RECORDED INFORMATION:
....

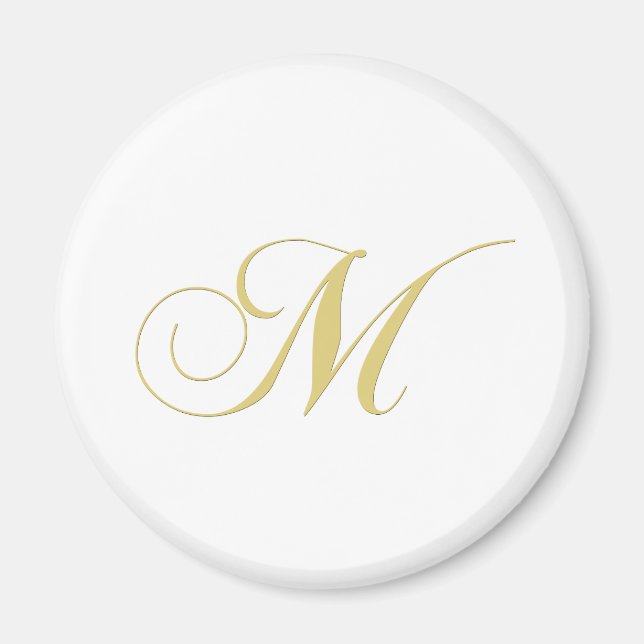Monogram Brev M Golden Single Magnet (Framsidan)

....

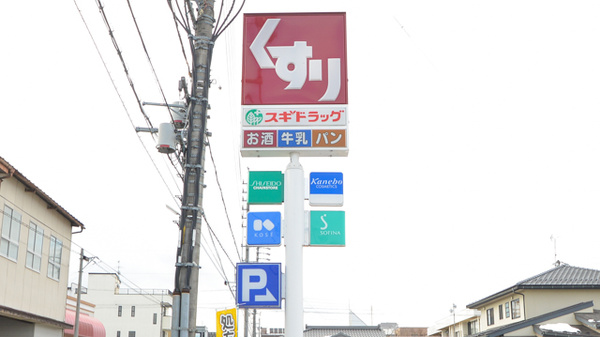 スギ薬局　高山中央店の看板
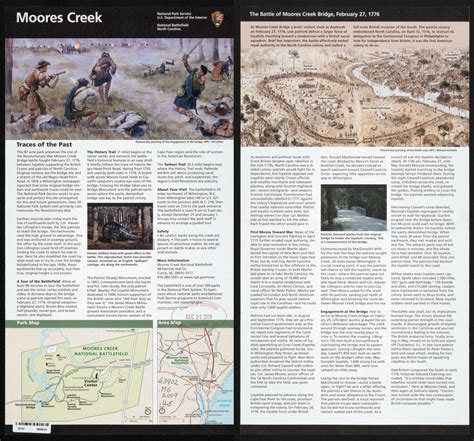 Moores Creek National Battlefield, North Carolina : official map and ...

....

Write back the stretch of lines above that begins with the line holding "スギ薬局　高山中央店の看板" and ends with the line holding "official map and ...", both included, exactly as written. Pictures stay out.

 スギ薬局　高山中央店の看板
 Moores Creek National Battlefield, North Carolina : official map and ...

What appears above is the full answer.